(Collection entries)
◇ ◇ ◇ ◇ ◇
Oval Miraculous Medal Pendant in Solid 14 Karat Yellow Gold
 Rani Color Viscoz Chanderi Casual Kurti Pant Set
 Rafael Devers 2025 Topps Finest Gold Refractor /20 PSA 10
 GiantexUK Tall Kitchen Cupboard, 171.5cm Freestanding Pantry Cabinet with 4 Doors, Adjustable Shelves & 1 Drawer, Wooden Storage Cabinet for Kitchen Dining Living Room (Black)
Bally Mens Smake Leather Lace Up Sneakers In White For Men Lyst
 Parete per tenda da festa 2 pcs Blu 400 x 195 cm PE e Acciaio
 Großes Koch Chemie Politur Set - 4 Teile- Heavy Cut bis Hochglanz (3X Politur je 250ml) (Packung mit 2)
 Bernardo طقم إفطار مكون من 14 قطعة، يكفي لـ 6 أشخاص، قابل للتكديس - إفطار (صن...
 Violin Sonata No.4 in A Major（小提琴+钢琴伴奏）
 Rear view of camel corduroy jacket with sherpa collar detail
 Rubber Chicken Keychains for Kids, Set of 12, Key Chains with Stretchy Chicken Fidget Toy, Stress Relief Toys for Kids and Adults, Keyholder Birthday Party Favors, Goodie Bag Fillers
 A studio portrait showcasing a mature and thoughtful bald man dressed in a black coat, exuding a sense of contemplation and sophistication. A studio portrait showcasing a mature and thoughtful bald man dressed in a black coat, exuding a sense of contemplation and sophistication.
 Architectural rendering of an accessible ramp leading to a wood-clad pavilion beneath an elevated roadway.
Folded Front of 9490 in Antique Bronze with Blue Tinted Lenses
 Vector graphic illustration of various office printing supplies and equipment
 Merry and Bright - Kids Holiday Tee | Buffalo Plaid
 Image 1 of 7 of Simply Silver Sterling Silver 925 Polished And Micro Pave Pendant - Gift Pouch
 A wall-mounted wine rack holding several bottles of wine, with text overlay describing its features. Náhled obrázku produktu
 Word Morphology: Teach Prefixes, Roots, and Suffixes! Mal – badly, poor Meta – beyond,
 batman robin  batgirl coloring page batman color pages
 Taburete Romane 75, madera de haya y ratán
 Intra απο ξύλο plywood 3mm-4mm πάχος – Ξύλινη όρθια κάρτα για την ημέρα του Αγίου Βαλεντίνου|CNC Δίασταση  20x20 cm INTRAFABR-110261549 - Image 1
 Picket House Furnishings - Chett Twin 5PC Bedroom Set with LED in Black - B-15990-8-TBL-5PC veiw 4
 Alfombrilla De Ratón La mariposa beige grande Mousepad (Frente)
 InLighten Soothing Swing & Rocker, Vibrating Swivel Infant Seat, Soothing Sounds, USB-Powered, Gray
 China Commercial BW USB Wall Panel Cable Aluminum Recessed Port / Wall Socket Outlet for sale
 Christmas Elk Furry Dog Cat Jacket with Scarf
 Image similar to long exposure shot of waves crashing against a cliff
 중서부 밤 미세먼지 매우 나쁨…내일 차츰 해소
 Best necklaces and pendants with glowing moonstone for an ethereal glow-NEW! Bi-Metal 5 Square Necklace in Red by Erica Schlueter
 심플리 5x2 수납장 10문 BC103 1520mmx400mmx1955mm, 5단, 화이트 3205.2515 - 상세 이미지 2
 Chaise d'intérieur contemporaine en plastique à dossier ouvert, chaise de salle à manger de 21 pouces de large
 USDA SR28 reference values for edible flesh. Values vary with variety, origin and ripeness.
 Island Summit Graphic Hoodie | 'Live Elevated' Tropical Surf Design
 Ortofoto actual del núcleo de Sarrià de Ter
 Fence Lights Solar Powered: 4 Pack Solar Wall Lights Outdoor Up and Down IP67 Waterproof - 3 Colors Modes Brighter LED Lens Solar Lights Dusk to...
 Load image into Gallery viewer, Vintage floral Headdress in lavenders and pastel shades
◇ ◇ ◇ ◇ ◇
ASSIGNMENT »
Look over the data above and show each line that contains "Kids".

RESPONSE TO THE EXERCISE »
 Rubber Chicken Keychains for Kids, Set of 12, Key Chains with Stretchy Chicken Fidget Toy, Stress Relief Toys for Kids and Adults, Keyholder Birthday Party Favors, Goodie Bag Fillers
 Merry and Bright - Kids Holiday Tee | Buffalo Plaid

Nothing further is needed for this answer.